BEGIN Provided data
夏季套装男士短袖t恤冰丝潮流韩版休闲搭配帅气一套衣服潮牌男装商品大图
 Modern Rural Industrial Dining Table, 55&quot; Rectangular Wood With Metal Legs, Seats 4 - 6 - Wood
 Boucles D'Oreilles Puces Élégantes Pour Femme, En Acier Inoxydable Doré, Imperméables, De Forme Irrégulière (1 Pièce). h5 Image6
END Provided data
■ Activity
Transcription of the entire listing, word for word, is required.

■ Solution for this problem
夏季套装男士短袖t恤冰丝潮流韩版休闲搭配帅气一套衣服潮牌男装商品大图
 Modern Rural Industrial Dining Table, 55&quot; Rectangular Wood With Metal Legs, Seats 4 - 6 - Wood
 Boucles D'Oreilles Puces Élégantes Pour Femme, En Acier Inoxydable Doré, Imperméables, De Forme Irrégulière (1 Pièce). h5 Image6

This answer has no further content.